During the first three months of the pandemic, most patients used the phone, although many didn’t have unlimited data and had to pay extra for the time. The use of video increased when the clinic chose a video application integrating telemedicine and electronic medical records. It was the right software for a clinic designed as a patient-centered medical home. “We had to provide a lot of one-on-one training, and the workflow kept changing,” said Floutsis.
Does telehealth exacerbate health inequalities? “Not if done right,” Floutsis said. “It actually helps reduce health disparities if we offer telehealth and in-person — it has to be both.”

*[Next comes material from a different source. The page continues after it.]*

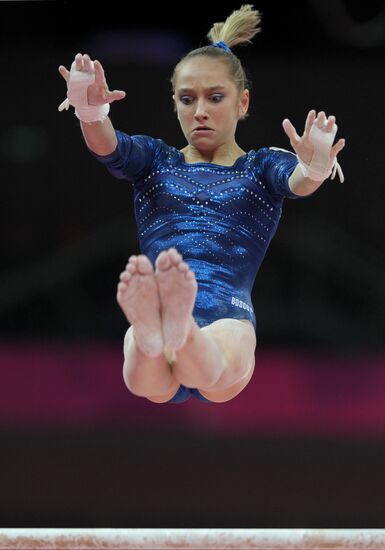 2012 Olympics. Women's gymnastics individual all-around finals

WMCHC serves about 14,000 children. In the past, many would come in person for a cough or a fever. Now, with telehealth, the clinic first talks with patients on a video hookup to determine if they need to come in. “We realized that a lot of the episodic care we were providing as a walk-in could be provided as a same-day telehealth visit with just as good an outcome,” she said. “That was huge same-day access. That’s equity.”
Language was never a problem because the entire staff at WMCHC is bilingual, but at other clinics telehealth has significantly increased the need for medical interpreters. But Floutsis says patient access to broadband remains a challenge.
The switch from White Memorial’s walk-in clinic to this model required behavior changes that took patients some time to adapt to. Once that occurred, everybody saw the benefits, according to a patient survey, Floutsis said.
Alba Castro, a West County Health patient with multiple chronic conditions, says video has been a lifesaver. Cunningham is her primary care provider, and she sees 10 different specialists at UCSF. She must check with them constantly to manage her health problems. Her rheumatoid arthritis makes it difficult to get started every morning. First, she needs to be able to maneuver herself into a sitting position and do some exercises before being able to get up. Many times, she couldn’t make it to the doctor. Now, if she can’t get out of bed, she can still show up for her appointment online and maintain access to all her doctors.
Things are not so easy for Alba’s mother, who was born in Mexico and hasn’t seen a provider since the pandemic. Alba and her sister have taught their mother to use Zoom, but language is also a struggle. If her daughters can’t go to the appointment with her, she can’t see a doctor even if there’s an interpreter. “The communication is sketchy,” said Alba. “If she is not with the doctor in person, nothing that she’s told really registers.”
Next Step: An Evidence-Based Model of Care
While virtual care has improved access across patient populations, including patients from groups of diverse cultural backgrounds, educational attainment, and socioeconomic status, many people are concerned that telehealth leaves behind older adults, putting them at risk of losing access to critical medical care.
“I think all health centers should have offered some classes to teach people how to use Zoom,” Alba said. “Getting an appointment in person can take three months. With Zoom it is much faster.”
Telehealth has come a long way, but more needs to be done to help overcome the barriers that some patients still face. The next step is to turn the telehealth practice from a pandemic crisis response into an evidence-based model of care.
Like Cunningham and so many other California providers, Floutsis said she has witnessed telehealth improve the management of chronic disease, facilitate coordination of care, and result in better health outcomes.
“We know we are on the right track,” she said. “There are a lot of recommended practices but not a body of evidence suggesting that one way is better than the other, and we need that to happen. We are gathering data, but someone has to put it together and see what the information shows.”